BEGIN
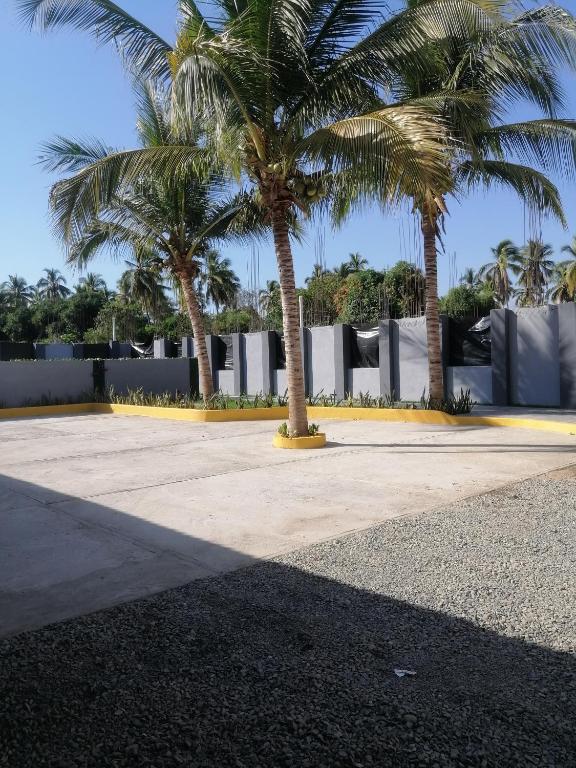 Habitaciones del Pacifico Habitaciones del Pacifico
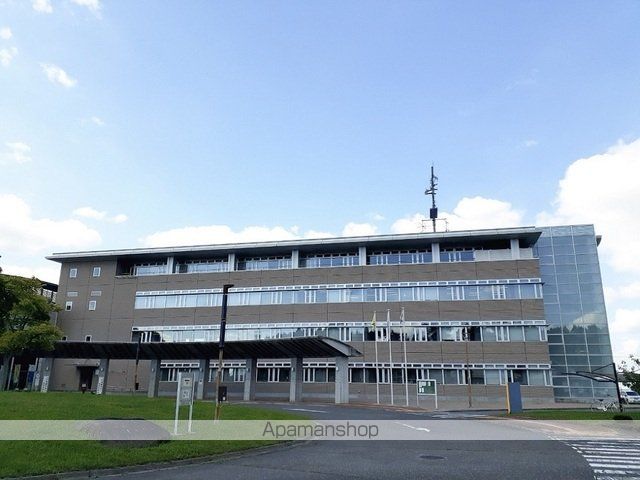 役所　大崎市役所三本木総合支所（役所）まで1300m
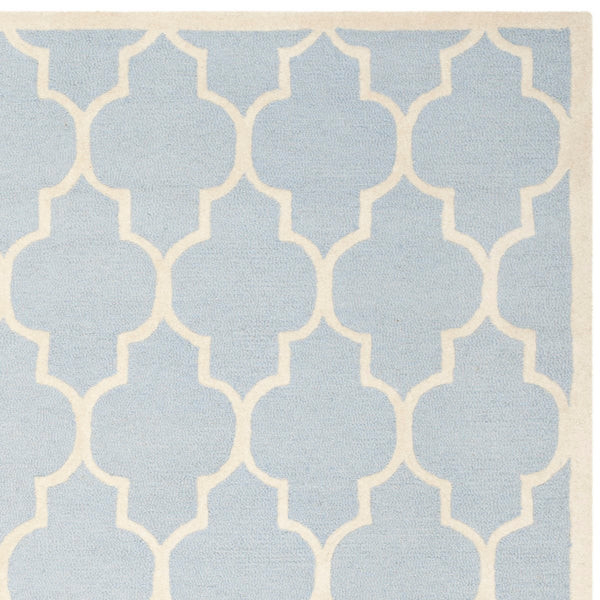 Safavieh Cambridge CAM134 Hand Tufted Rug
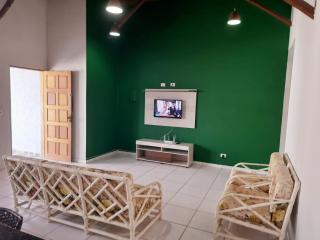 Casa 35 Praia Grande com piscina e 3 dormitórios - 3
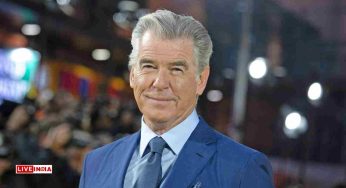 Pierce Brosnan Weighs in on Next James Bond: ‘It’s a Given They Must Be British’
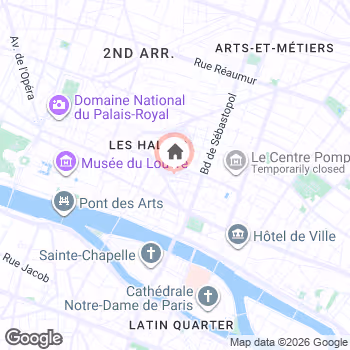 map snapshot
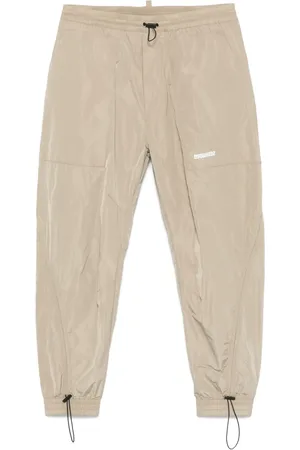 Dsquared2 Track-pants in tessuto tecnico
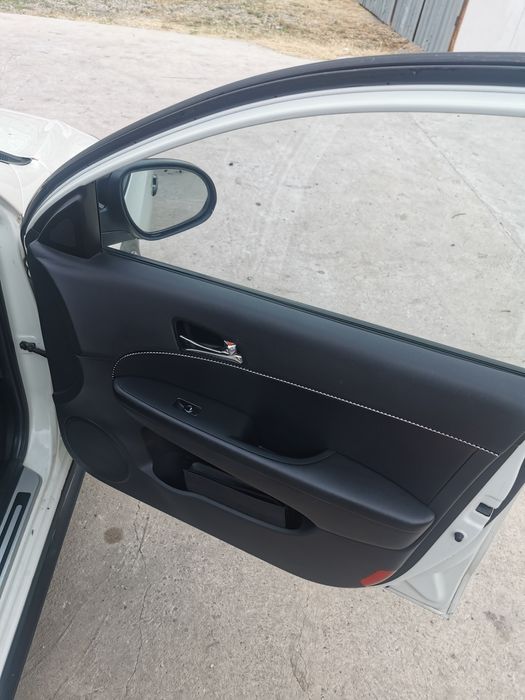 Hyundai i30 1.6crdi 115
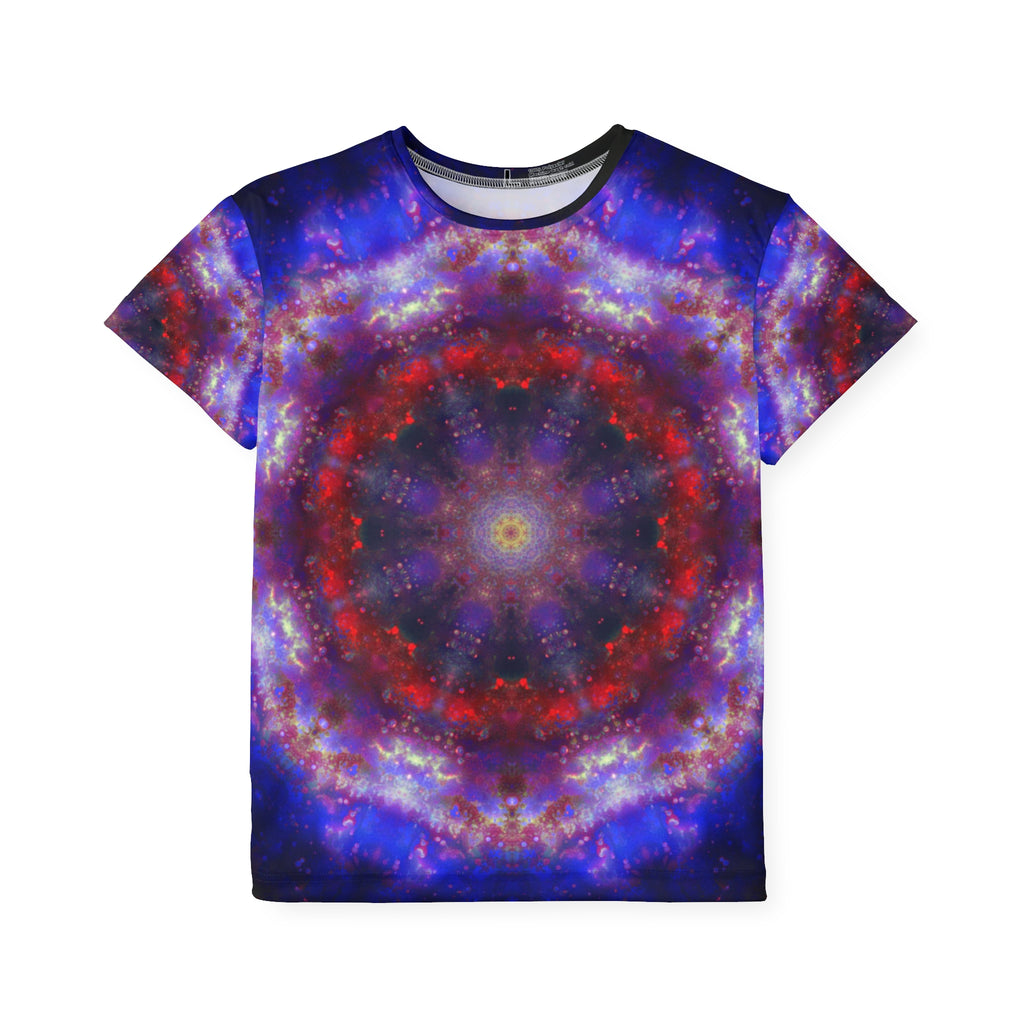 Spirited Marie My Telescope Desires Kids Sports Jersey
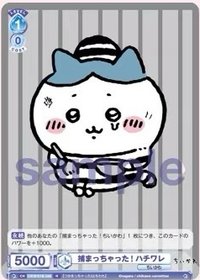 WSB對戰卡 vol.1 R 隨機卡 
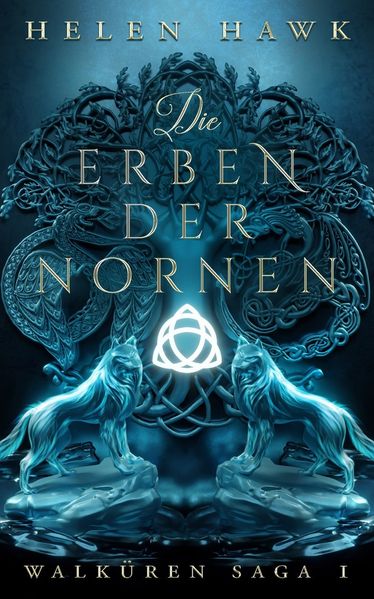 Cover von Die Erben der Nornen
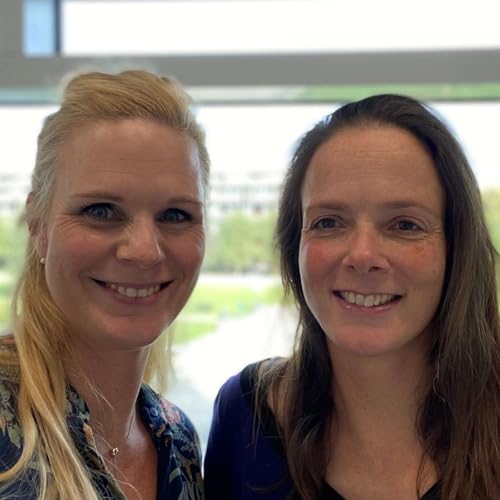 Alleen aan de top- met Erleyne Brookman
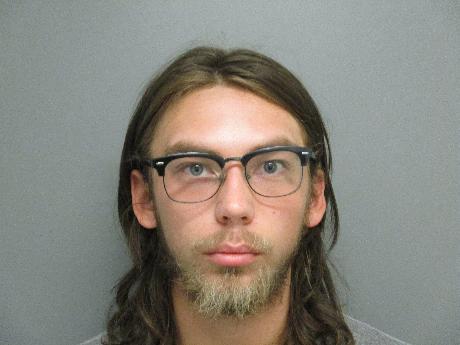 Keegan James Powell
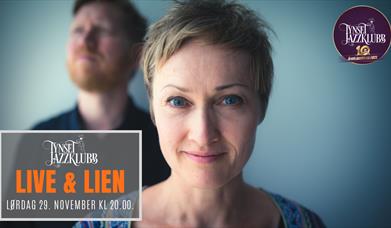 Live & Lien // Tynset jazzklubb
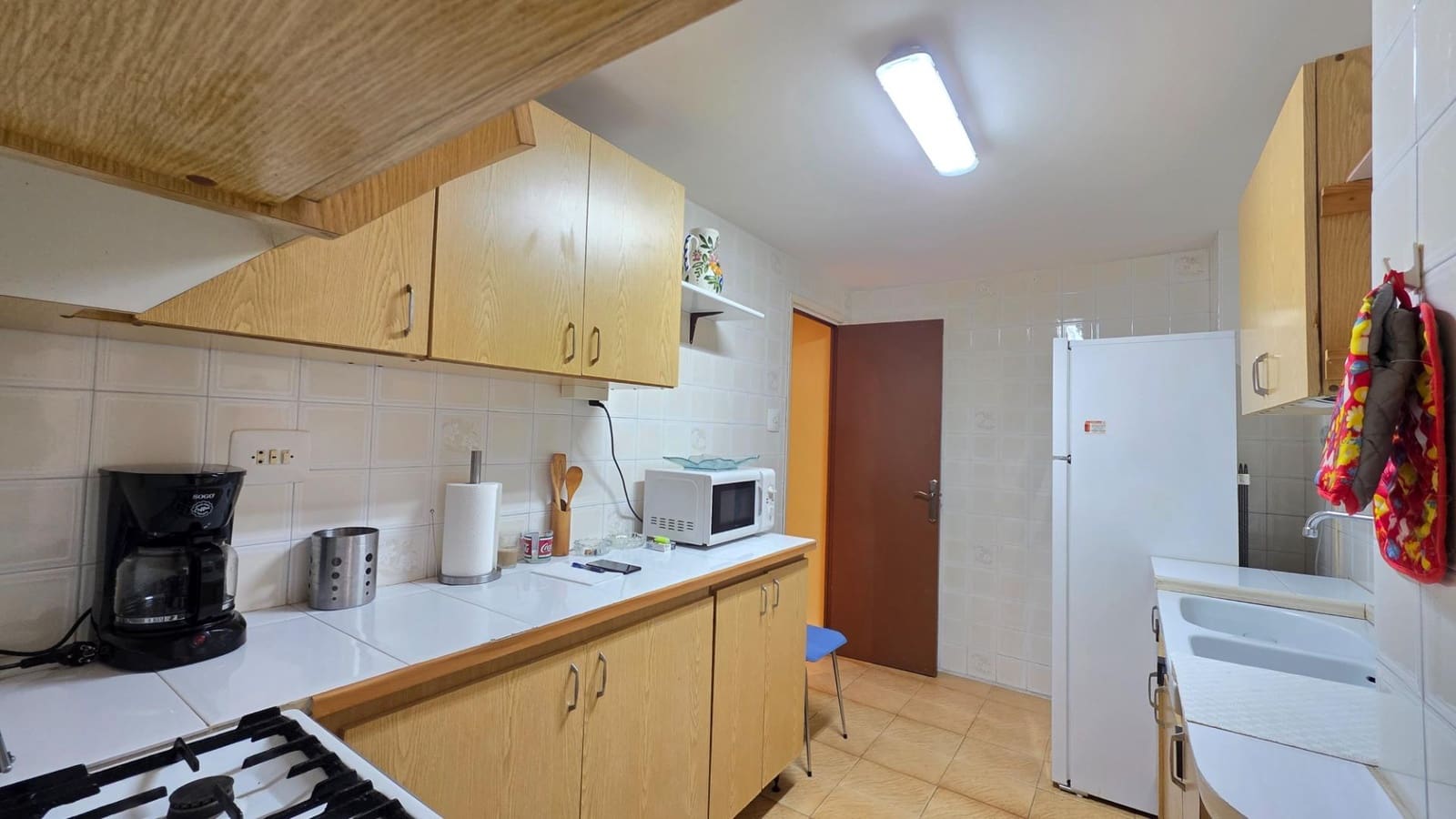 3 makuuhuone Asunto myytävänä paikassa Gandia - 139 900 € (Ref: 9395962)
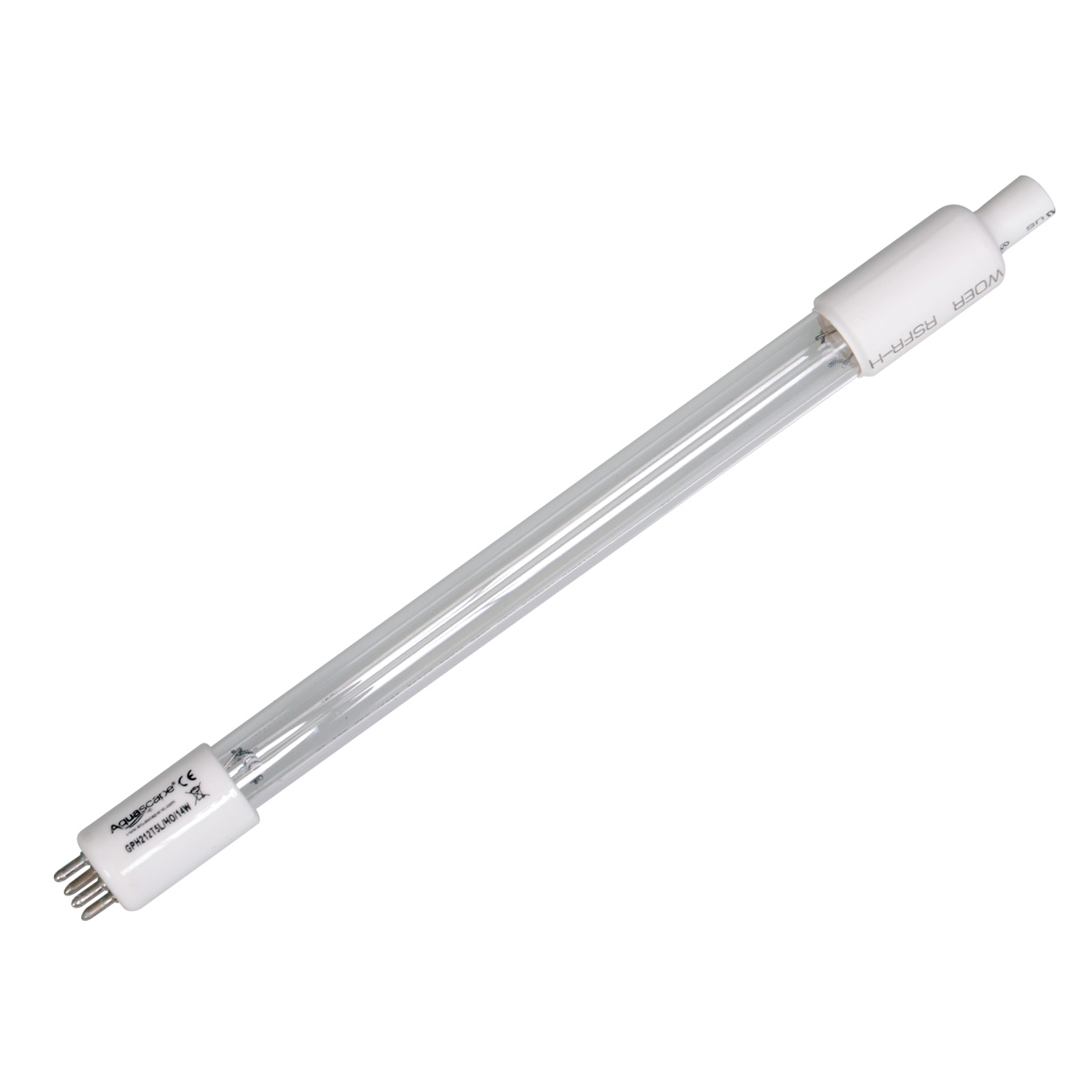 Aquascape UltraKlean 2000 Pond Filter High-Output UV Bulb 14W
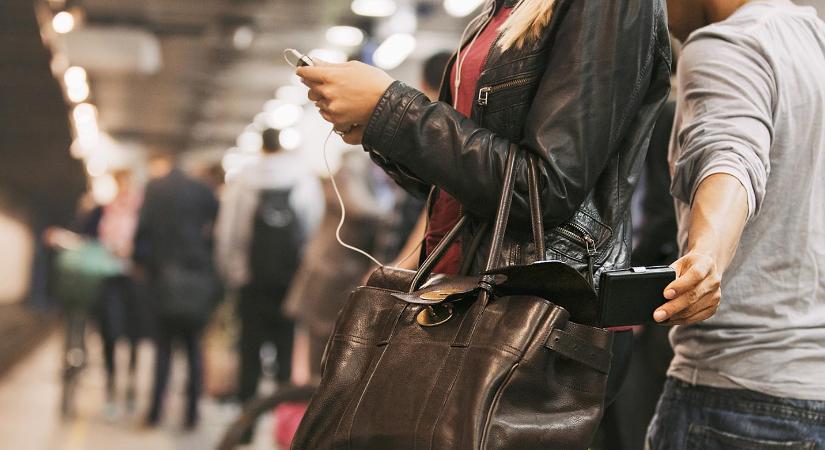 Vigyázz: egy androidos biztonsági hiba miatt 45 másodperc alatt üríthetik ki a tárcád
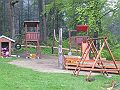 Chaty Jetřichovice - Chata 66 Nachbarschaft des Apartments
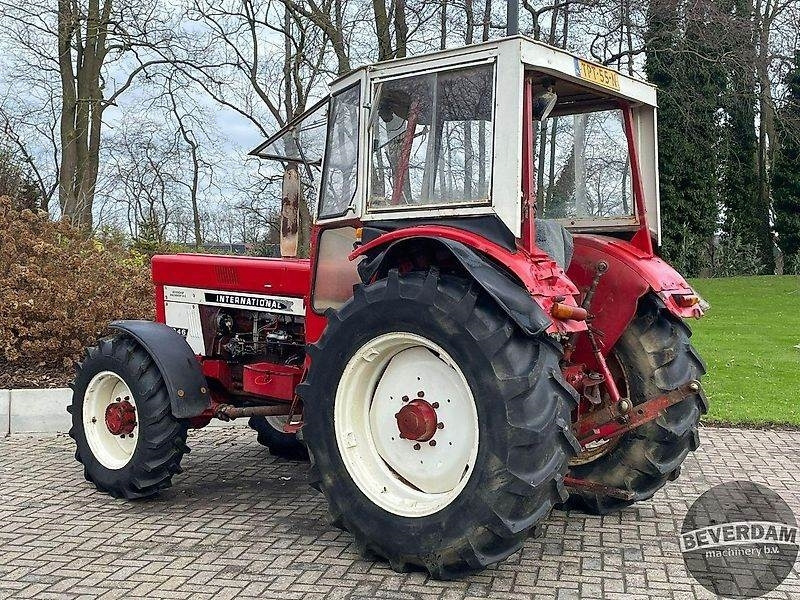 Case IH 946 - Tractor agricol: Foto 3 Case IH 946 - Tractor agricol: Foto 3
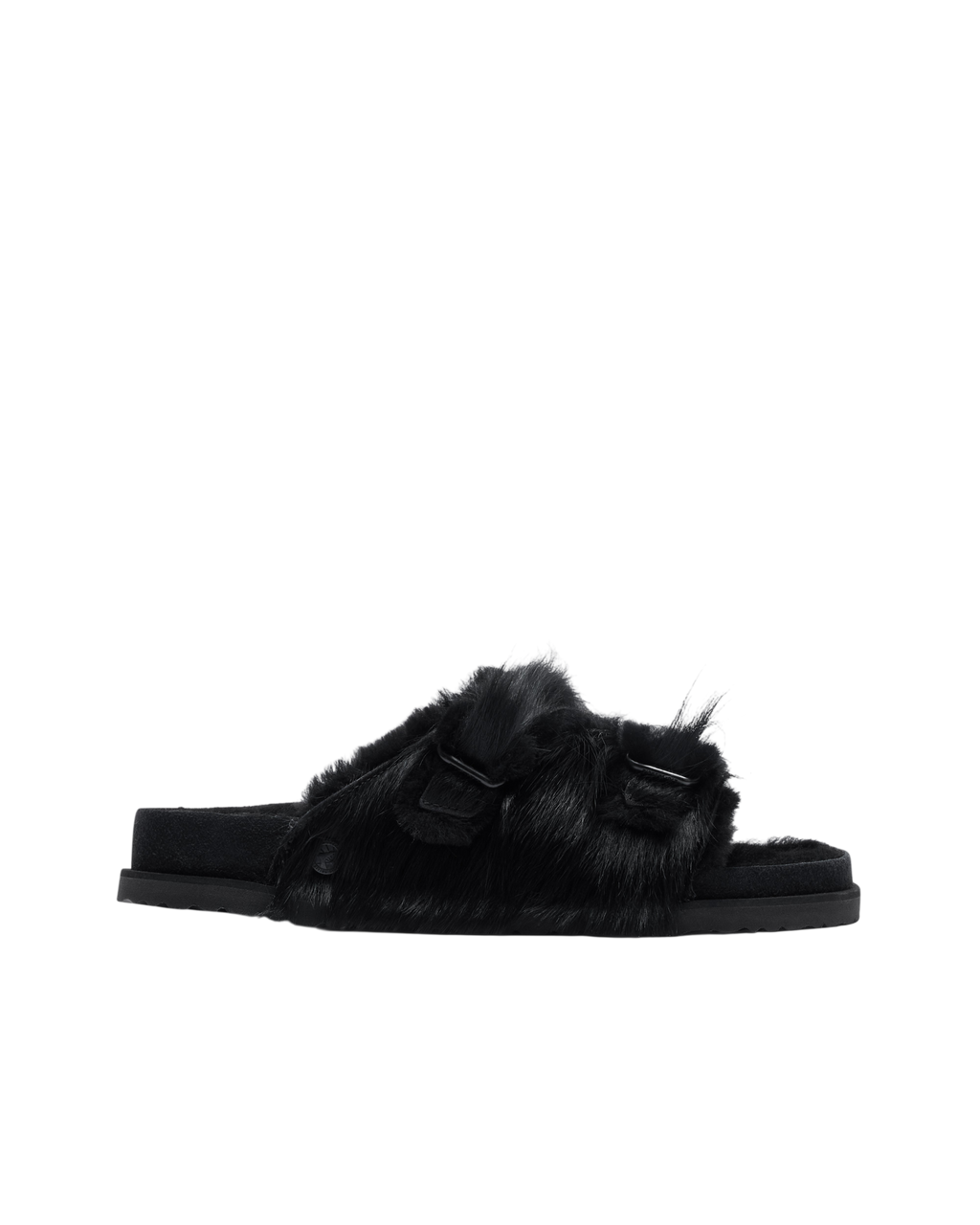 Birkenstock Zurich Bs Black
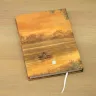 Ежедневник «Еноты-рукодельники»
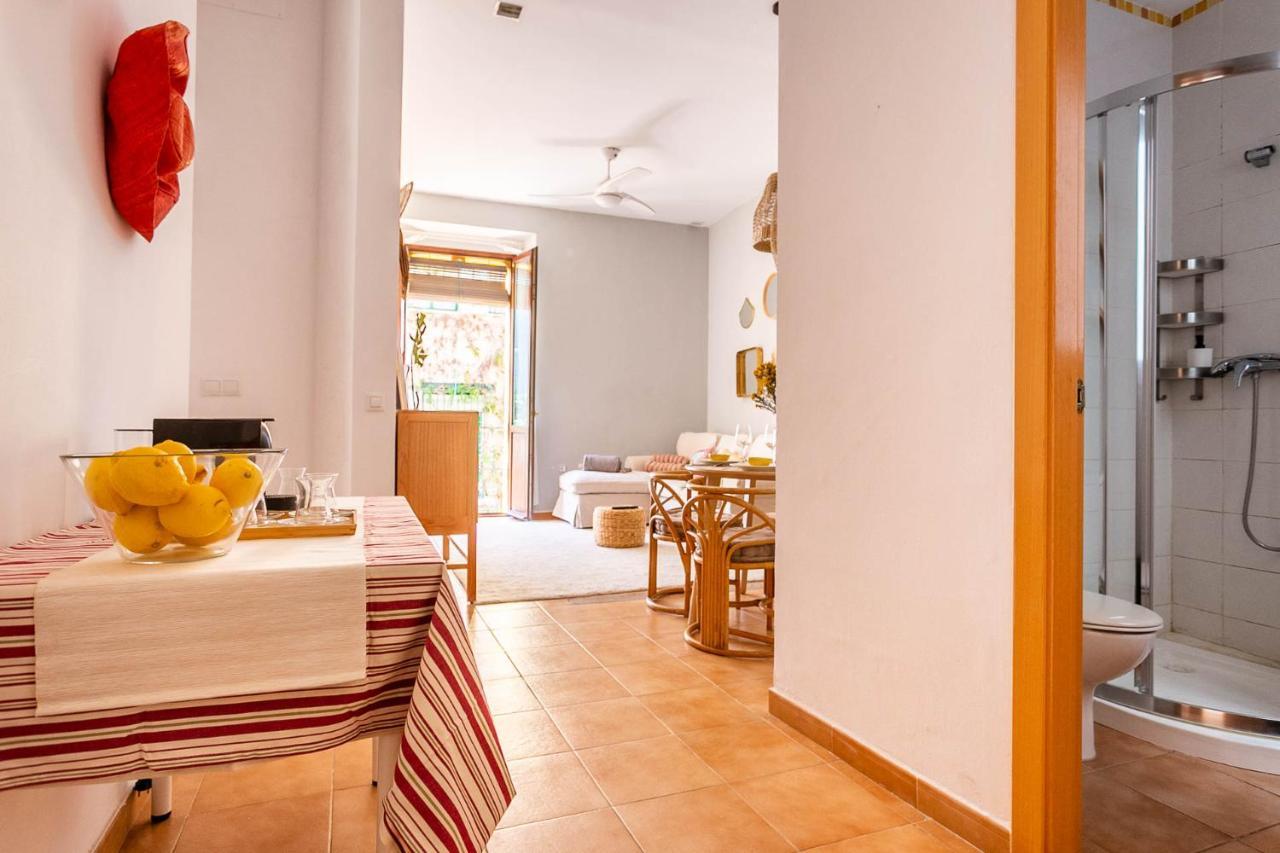 Pop Art, Great Location, San Luis Apartment Seville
END
Problem statement
Your answer should hold every record above, printed exactly and free of pictures.

The completed task
 Habitaciones del Pacifico Habitaciones del Pacifico
 役所　大崎市役所三本木総合支所（役所）まで1300m
 Safavieh Cambridge CAM134 Hand Tufted Rug
 Casa 35 Praia Grande com piscina e 3 dormitórios - 3
 Pierce Brosnan Weighs in on Next James Bond: ‘It’s a Given They Must Be British’
 map snapshot
 Dsquared2 Track-pants in tessuto tecnico
 Hyundai i30 1.6crdi 115
 Spirited Marie My Telescope Desires Kids Sports Jersey
 WSB對戰卡 vol.1 R 隨機卡 
 Cover von Die Erben der Nornen
 Alleen aan de top- met Erleyne Brookman
 Keegan James Powell
 Live & Lien // Tynset jazzklubb
 3 makuuhuone Asunto myytävänä paikassa Gandia - 139 900 € (Ref: 9395962)
 Aquascape UltraKlean 2000 Pond Filter High-Output UV Bulb 14W
 Vigyázz: egy androidos biztonsági hiba miatt 45 másodperc alatt üríthetik ki a tárcád
 Chaty Jetřichovice - Chata 66 Nachbarschaft des Apartments
 Case IH 946 - Tractor agricol: Foto 3 Case IH 946 - Tractor agricol: Foto 3
 Birkenstock Zurich Bs Black
 Ежедневник «Еноты-рукодельники»
 Pop Art, Great Location, San Luis Apartment Seville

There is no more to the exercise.